Es este un país de gorrones por la gracia de su cara. Y de aristócratas de regadío que confunden el ágora con su patio particular. Lo describía el miércoles, con desolada precisión, en una carta en este diario, la lectora Imma Vila. No pudo asistir al concierto que dio en l´Escala la extraordinaria Sílvia Pérez Cruz porque las entradas estaban agotadas, pero, esperando junto a la taquilla el milagro de un asiento libre de última hora, vio con estupefacción cómo conseguían el pase de entrada, sin pasar por caja, unos famosos y pseudofamosos de la política y el periodismo, con un tropel de acompañantes, 65 en total. Sospechando que estos comportamientos no son excepción, sino norma, Imma Vila exclamaba: "Això no hi ha país que ho aguanti!".
No hay país que aguante, en efecto, los privilegios de la nueva hidalguía. Muy lejos en el tiempo de los ridículos hidalgos del Lazarillo, pero muy cerca de sus modos, los hidalgos de hoy se sitúan (o son situados) por encima del común de los mortales, en virtud de su papel social: de su "algo".
Asisten a todos los saraos musicales y teatrales sin necesidad de guardar cola, sin tener que reservar meses antes las entradas, sin aflojar pasta alguna. Una simple llamada en el último momento basta para situarlos en el mejor asiento. Y cuando alguien como la lectora Imma Vila o un servidor de ustedes se atreve a señalar lo que a todas luces es una anomalía democrática, se activan de inmediato dos respuestas de manual. La primera es disuasiva: ya están aquí los cenizos, aprendices de Savoranola. La otra respuesta pretende relativizar la situación: estas invitaciones, estos detalles de relaciones públicas son, a efectos de erario, el chocolate del loro.
Aunque casi todos los festivales y espectáculos son subvencionados, es posible que la generalización de estas pequeñas prebendas no sea un gran peso para las cuentas del común, pero su ejemplaridad negativa va mucho más allá de lo económico. Degrada desde arriba la visión que la sociedad tiene de las cosas públicas; y contribuye a prestigiar la deriva antisocial. Aprovechándose de su estatus, mucha gente famosa contribuye a dar carta de naturaleza al viejo ideal mediterráneo: pillar, lo importante es pillar. Los privilegiados de hoy disfrutan de las invitaciones con naturalidad. Olvidan un principio fundamental de la democracia: la igualdad. La igualdad no es sólo ante la ley, sino ante todas las instituciones. Igualdad ante la taquilla.
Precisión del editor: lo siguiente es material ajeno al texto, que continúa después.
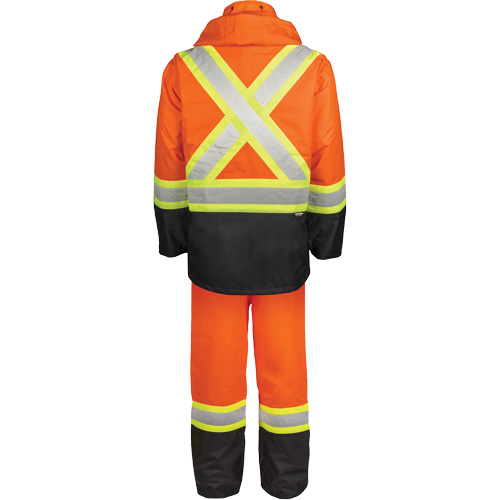 Ensemble de pluie haute visibilit&eacute; en tissu 150 deniers, Polyester, Petit, Orange haute visibilit&eacute; Cantin et fils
No es más antisocial el que orina en el parque que el que se aprovecha de su fama para colarse en un concierto.
Y no es más antidemocrático el populista agitador de miedos sociales que el artista, el político o el glamuroso que, incapaz de pagar como todo hijo de vecino para escuchar al artista que le encanta, entroniza su excepcionalidad, proclama su diferencia.